En roulant sur la départementale, n’avez-vous pas croisé des grands frênes et des hêtres qui surplombent la route de leurs longues branches comme s’ils voulaient l’enjamber? Imaginez le peuple de la forêt prêt à reprendre possession de la surface goudronnée car c’est  le rôle de la nature d’ensemencer sans cesse la grande matrice de la Terre, malgré les obstacles dressés par les hommes.

La reconquête

 

Leurs branches se tendent l’une vers l’autre

comme des mains prêtes à se joindre.

Quatre mètres à franchir dans le vide…

La voûte prend forme au dessus de la bande

stérile, laminée par les bourreaux mécaniques.

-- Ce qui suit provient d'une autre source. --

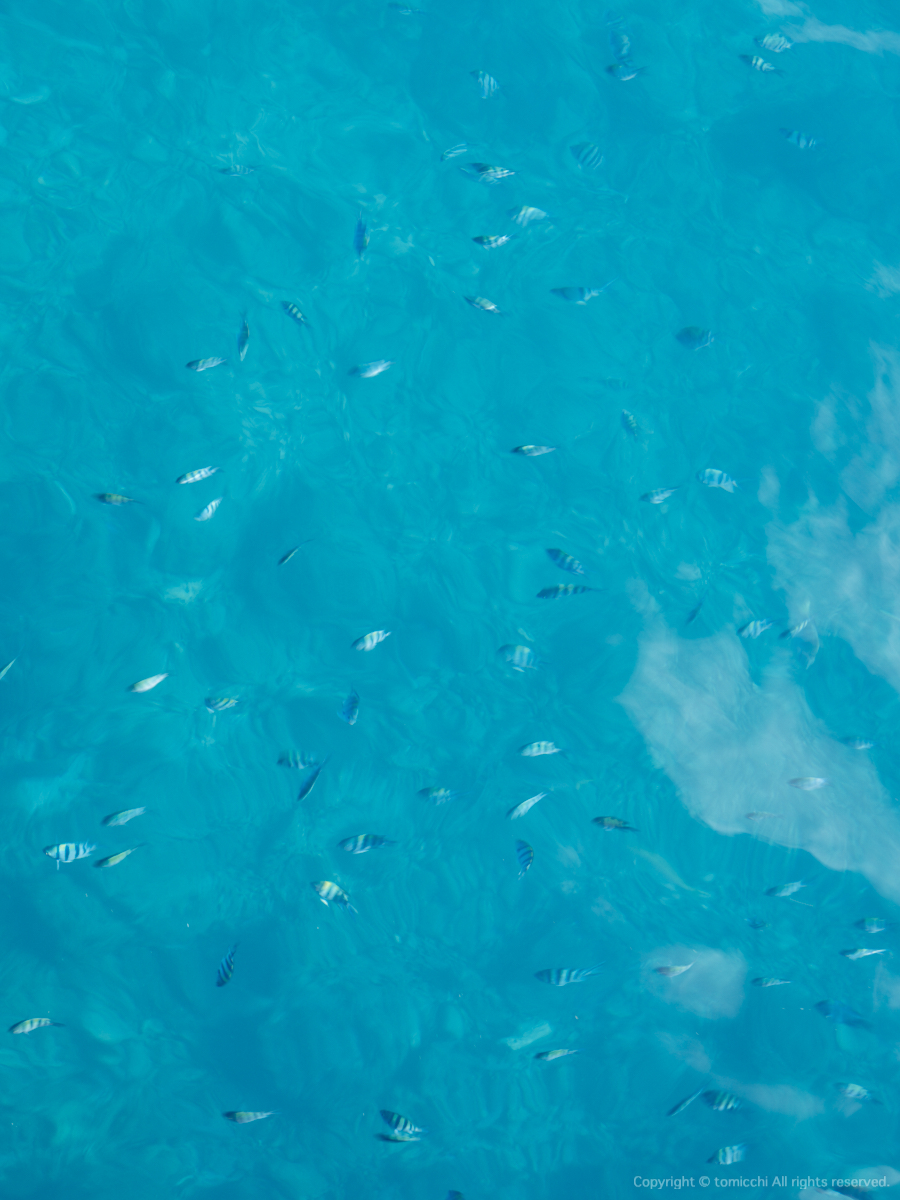 tomicchi1293's tweet photo. 休日の午後は家族で魚釣り(子供たちはスマホゲームに夢中・・)
熱帯魚みたいなカラフルな魚ばかりだけど、おいしいらしい・・
#Taiwan #Kenting #FUJIFILM #GFX100SII #GF3264 #fujifilm_xseries https://t.co/rn0QPnwZ34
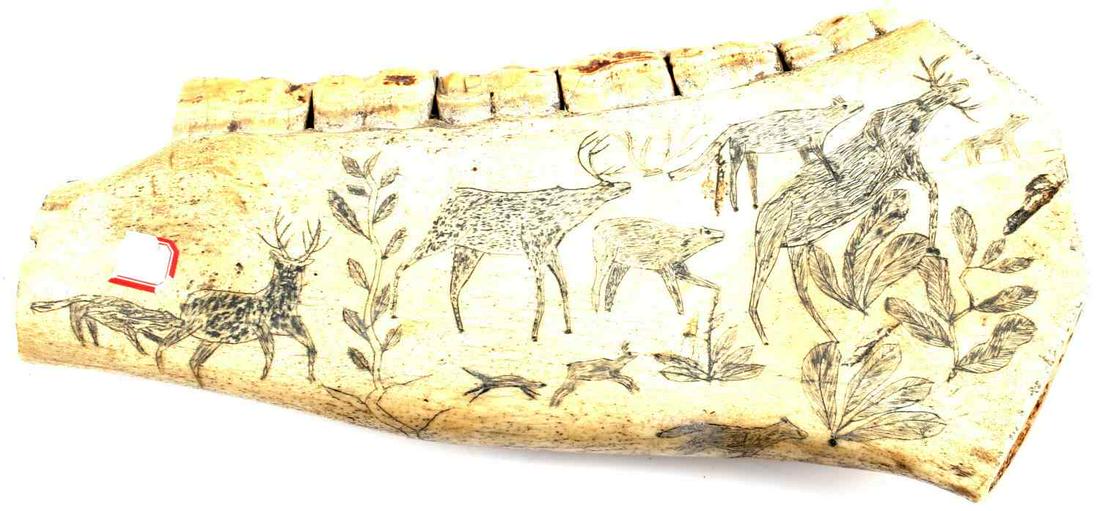INUIT MANDIBLE SCRIMSHAW OF VARIOUS ANIMALS: Unidentified mandible of large animal. Scrimshaw of various animals including fish, birds, whales, seals, moose and more. In very good condition. Measures approximately 10.25 inches by 4 inches.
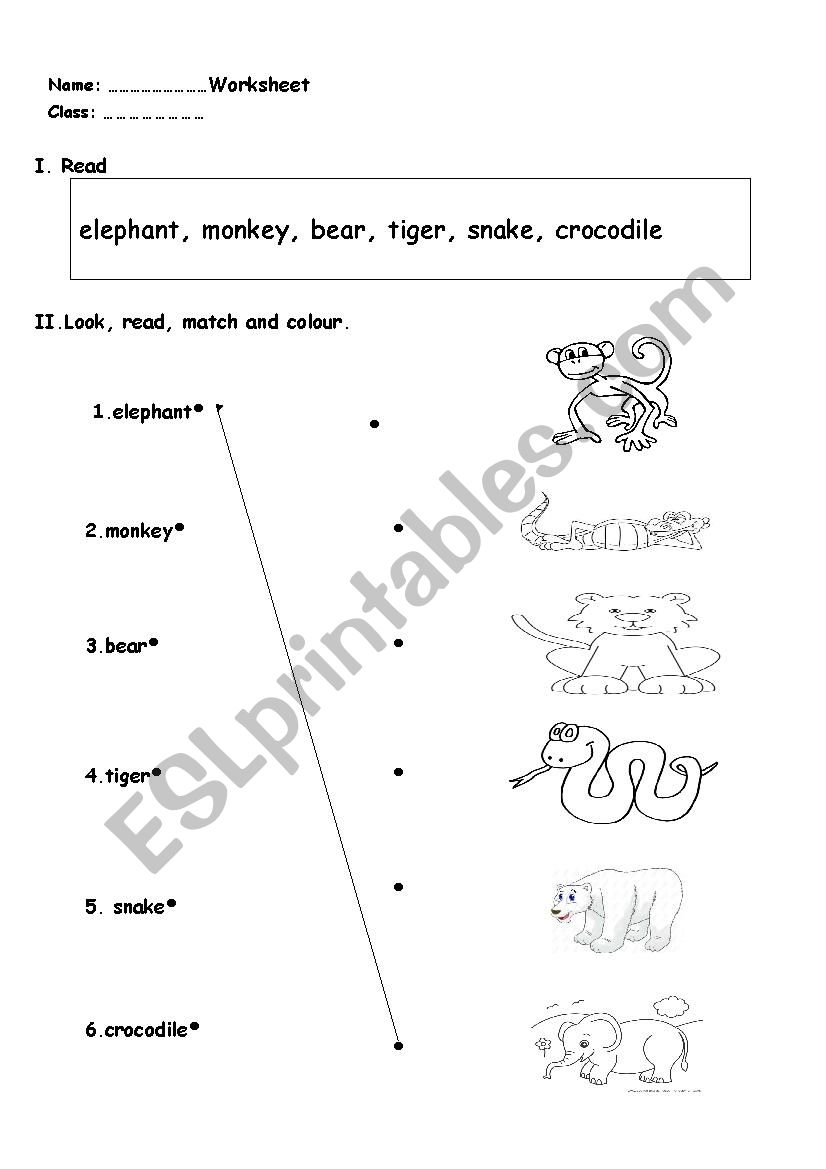 animals worksheet worksheet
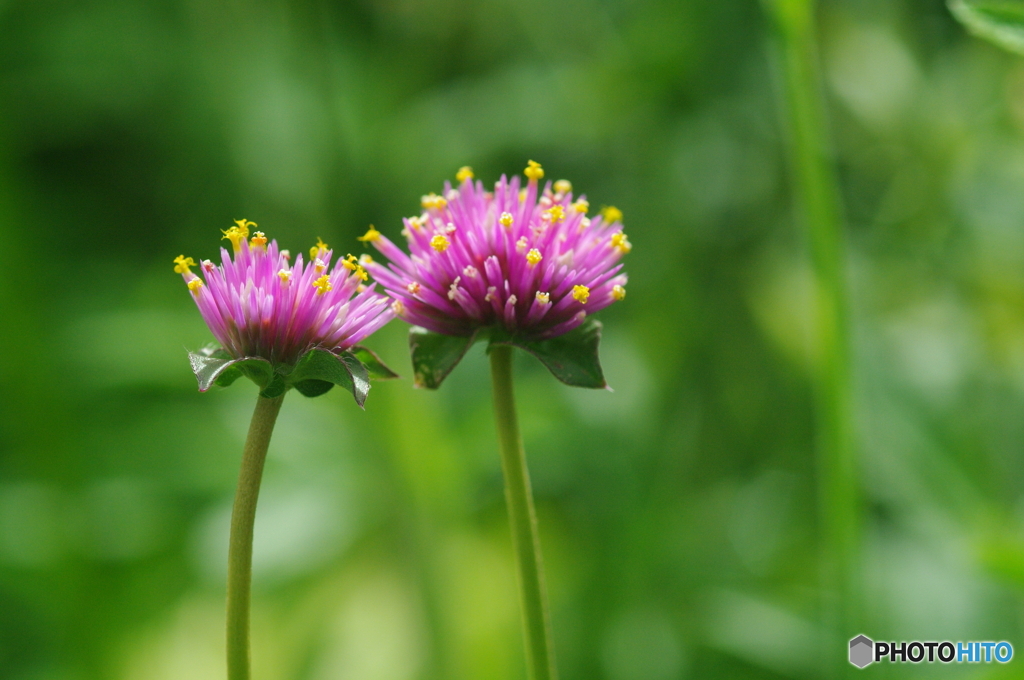 寄り添う夏の花火花 By Sho Butterfy Id 写真共有サイト Photohito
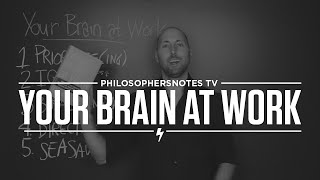 PNTV: Your Brain at Work by David Rock (#285)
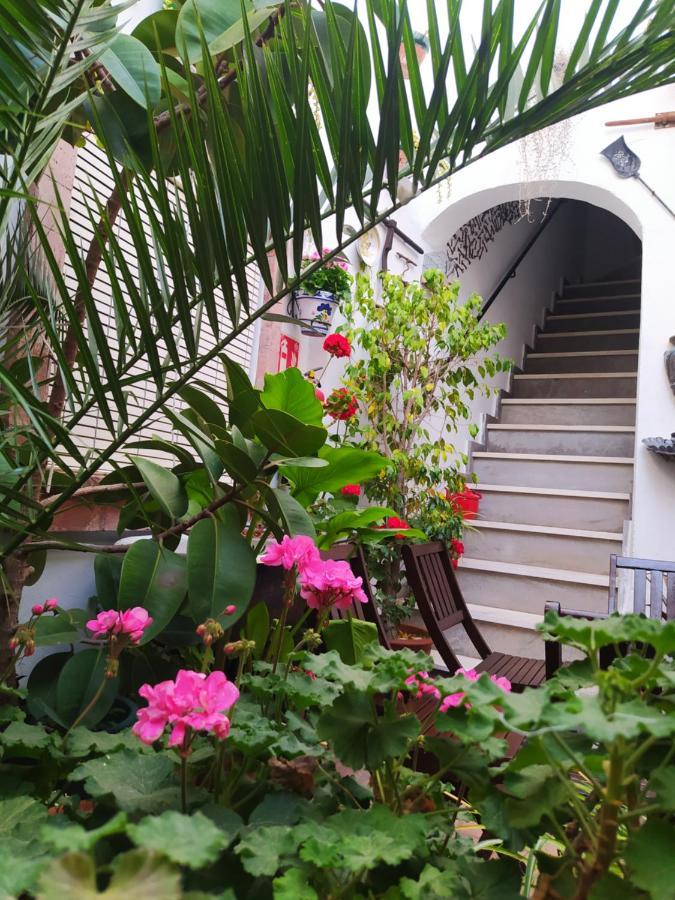 Casa Museo Jerez Centro Apartment Jerez de la Frontera Bagian luar foto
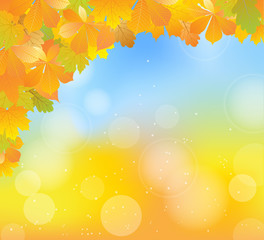 Fototapeta premium autumn leaves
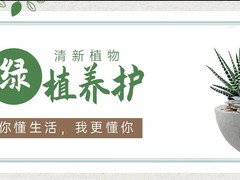 海口滨江鲜花绿植园圃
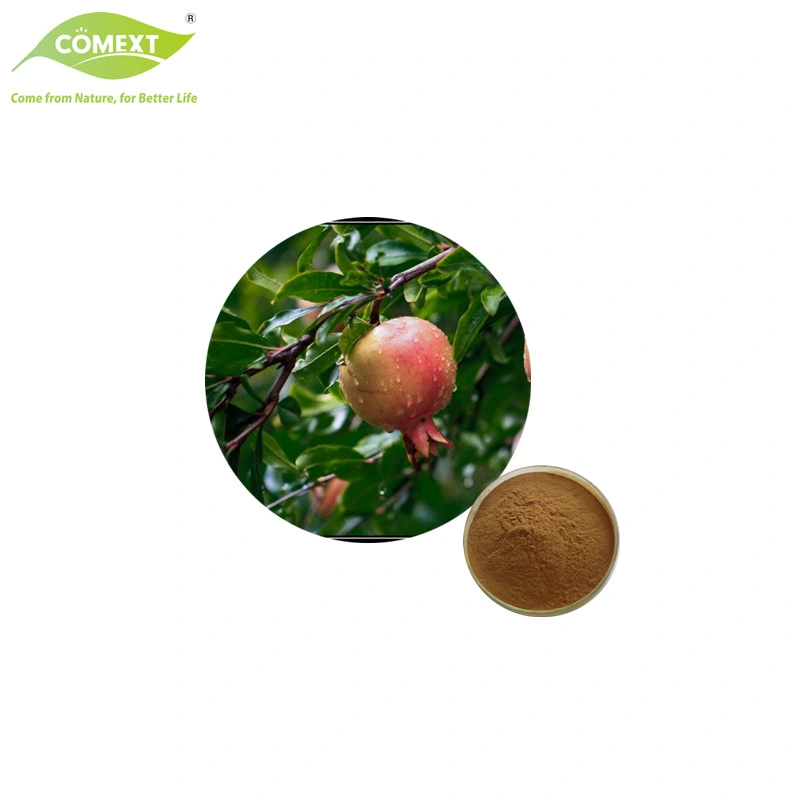 Comext Supply 100% Natural Pomegranate Extract 20% Pomegranate Glycosides Powder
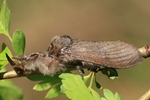 Buchen-Streckfuß, Rotschwanz (Calliteara pudibunda)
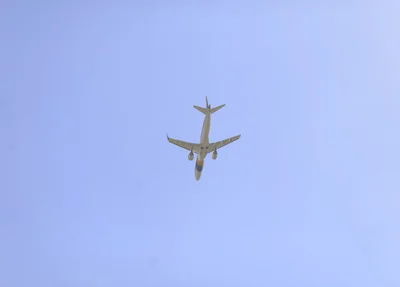Avião com o presidente Jair Bolsonaro 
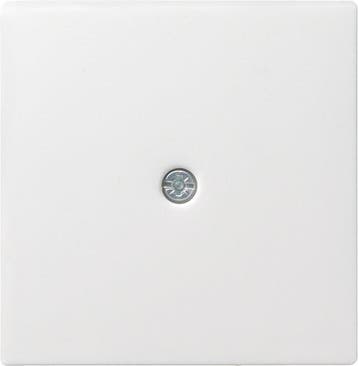Insert Dappareillage Gira System 55 - 027403, Verzenden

Des hommes sur le sol, l’empreinte unique.

 

Tonnelle palpitante de feuilles tendres,

infini multiple de cœurs verts

qui pulsent l’oxygène dans le ciel.

Gaz précieux, voile d’or posé sur la Vie.

 

Dans le creuset des franges rebelles,

elle croît au ralenti, terrée

silencieuse, immobile, repue d’énergie,

tapie dans les humides fourrés

sous la protection du berceau de verdure

Elle renaîtra, cyclique, éternelle.

 

Ronger le goudron en bordure…

De la route, extirper la terre…

Crever la croûte inerte qui étouffe la Mère…

Tous à la besogne : fleurs, oiseaux, insectes

avec pour destinée, la reconquête !

 

Brigade ailée, bombardiers gavés de semences

attentives à germer dans le nid

fraîchement composté par les grignoteurs

à la terne livrée, en plongée dans l’humus.

 

Fermentation à la subtile odeur,

à l’abri du soleil, confinée dans la nuit

du caveau inépuisable de la fécondité.

Sous le manteau des arbres forestiers

postés en lisière, séparés par la route.